作家・松井玲奈が紡ぎ出す色鮮やかな世界 美しくグロテスクな『カモフラージュ』を読む

 本を読むという行為は、映画やドラマで俳優を見つめるのと違う。著者の、あるいは登場人物の脳内に侵入し、彼らの身体の内部から物語の情景を見つめているような気分になる。だから、モザイクがかかった女の子が表紙の『カモフラージュ』(集英社)という本を初めて開く時、朝ドラ『まんぷく』(NHK総合)のヒロインの友人・敏ちゃん、『ブラックスキャンダル』(読売テレビ・日本テレビ系)の包帯女、『ニーチェ先生』(読売テレビ・日本テレビ系)のストーカーチックな常連客、そしてかつて本屋で思わず見とれた写真集「きんぎょ」(光文社)の金魚鉢に入ったアイドルの女の子と、常に誰かを演じている松井玲奈という女優の頭の中に少しばかり入り込むことができることに妙な興奮を覚えた。

松井玲奈『カモフラージュ』

 複数のインタビューで松井自身が言及しているように、決して彼女自身の経験を切り貼りした私小説的な物語は一つもない。OL、少年、メイド喫茶店員、夫婦、ユーチューバーと、性別を問わない様々な年齢層の登場人物たちの「食」にまつわる色鮮やかな世界が詰まった6篇の物語は、そんな読者の下世話な期待を軽やかに裏切り、日々を丁寧に過ごしている人にしか書けないだろう、ありふれた日常の温かく繊細な描写を皮切りに、時にグロテスクで、時にエロティックだったりする、予想もつかない未知の世界に連れて行ってくれる。そして、彼女の意図とは違うかもしれないが、そこに「カモフラージュ」するかのように物語の端々に散らばった彼女自身の欠片を、やはり探さずにはいられない。
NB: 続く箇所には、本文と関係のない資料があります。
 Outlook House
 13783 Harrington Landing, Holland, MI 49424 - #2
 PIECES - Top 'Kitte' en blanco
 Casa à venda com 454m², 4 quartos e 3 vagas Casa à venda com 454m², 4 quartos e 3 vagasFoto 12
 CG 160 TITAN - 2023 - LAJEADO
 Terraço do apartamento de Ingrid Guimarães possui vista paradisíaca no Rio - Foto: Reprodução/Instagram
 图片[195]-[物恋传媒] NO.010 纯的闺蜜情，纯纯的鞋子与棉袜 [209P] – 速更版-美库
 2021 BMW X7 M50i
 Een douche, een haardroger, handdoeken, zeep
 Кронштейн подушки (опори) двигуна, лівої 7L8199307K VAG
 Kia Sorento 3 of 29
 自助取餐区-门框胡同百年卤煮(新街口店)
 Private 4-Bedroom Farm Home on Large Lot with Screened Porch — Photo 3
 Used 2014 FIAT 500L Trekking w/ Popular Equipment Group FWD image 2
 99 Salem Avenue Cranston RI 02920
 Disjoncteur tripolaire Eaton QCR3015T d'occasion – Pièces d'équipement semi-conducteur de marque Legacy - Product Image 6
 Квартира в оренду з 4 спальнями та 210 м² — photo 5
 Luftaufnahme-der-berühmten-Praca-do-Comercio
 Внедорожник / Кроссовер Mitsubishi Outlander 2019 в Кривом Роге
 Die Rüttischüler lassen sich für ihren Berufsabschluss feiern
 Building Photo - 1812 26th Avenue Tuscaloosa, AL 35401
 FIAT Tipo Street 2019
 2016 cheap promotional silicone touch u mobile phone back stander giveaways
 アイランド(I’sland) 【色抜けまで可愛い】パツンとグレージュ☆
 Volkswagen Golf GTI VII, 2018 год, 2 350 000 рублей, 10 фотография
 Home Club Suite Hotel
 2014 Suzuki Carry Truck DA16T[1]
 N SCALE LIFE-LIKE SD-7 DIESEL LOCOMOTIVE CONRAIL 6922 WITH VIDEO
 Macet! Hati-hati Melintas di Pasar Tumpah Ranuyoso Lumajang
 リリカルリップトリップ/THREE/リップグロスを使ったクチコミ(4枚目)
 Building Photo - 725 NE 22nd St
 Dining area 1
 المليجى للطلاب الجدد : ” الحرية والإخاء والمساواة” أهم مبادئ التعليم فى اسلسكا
 何といっても度肝を抜かれるのは、最初の物語『ハンドメイド』から、次の物語『ジャム』への飛躍の凄さだ。

 『ハンドメイド』の主人公は、映像化するなら松井玲奈本人が演じることができるだろう彼女と同世代の女性だ。当然、これが単なる「芸能人が書いた小説」だと思って読み始めた読者は、まんまと騙される。そこに松井玲奈自身の姿を重ねて読むことになる。

 好きな男性と夜一緒に食べるために、オムライスを朝一生懸命弁当箱に詰めて、ホテルに持っていく女。外食でも、自分の家に招くのでもなく、ホテルの一室に持っていかなければならない何かしらの事情は、想像するに難くない。自分が写った写真が残るのを嫌がる男のその場限りの優しさに、つかの間ズブズブと嵌ってしまった彼女が、家に帰ってこっそりケチャップの色が付着した弁当箱を洗う時の、簡単に水に流れて消えてなくなってしまうオレンジ色の寂しさなんて、著者はどうしてわかってしまうのか。その描写は、彼女が手に持つスポンジに染み付いたオレンジ色まで想像してしまうほど、リアルで切ない。頁をめくればめくるほど、「松井玲奈」という女性の優れた洞察力と、繊細な頭の中が透けて見えるようで、ドキドキする。ヒロインの頭の中でなり続ける色とりどりのビー玉の音が、こちらの頭の中でグルグルと弧を描き、ふいにカメラが、彼女の困惑した表情を映した時、ビー玉はポーンと弾けて、次の物語の、真っ赤なイチゴジャムの入ったジャム瓶がゴロリと転がってくる。

 『ジャム』。「今松井玲奈の本を読んでいる」と言うと、「ああ最近多いよね、芸能人が書いた小説って」と醒めた視線で返してきた何人かの知人に、思わず力説せずにはいられなかった。この『ジャム』という小説の常軌を逸した凄まじさを。松井玲奈の頭の中は一体どうなっているのだと叫び出したくなる一作を。前のページまで感じていた、同世代・同性の共感めいたものを一蹴し、とんでもなくグロテスクな世界が幕を開ける。なぜならこの物語はこんな一文で始まるのである。

「僕のお父さんは一人じゃない。夜、仕事から帰ってくるお父さんの後ろには、真っ白な顔で洋服を着ていないお父さんが三人並んでいる。」

 少年の感じる、バターといちごジャムをトーストの上にたっぷりのせてかぶりつく幸せは、読者のお腹の中まで温かくする。だが、突然鬱屈した感情が沸きだした少年が、スプーンでぐちゃぐちゃと果肉を潰し始めた時、そのジャムは瞬く間に血のイメージへと変化する。そして衝撃的な血の惨劇が、天使の形をして降りかかるのである。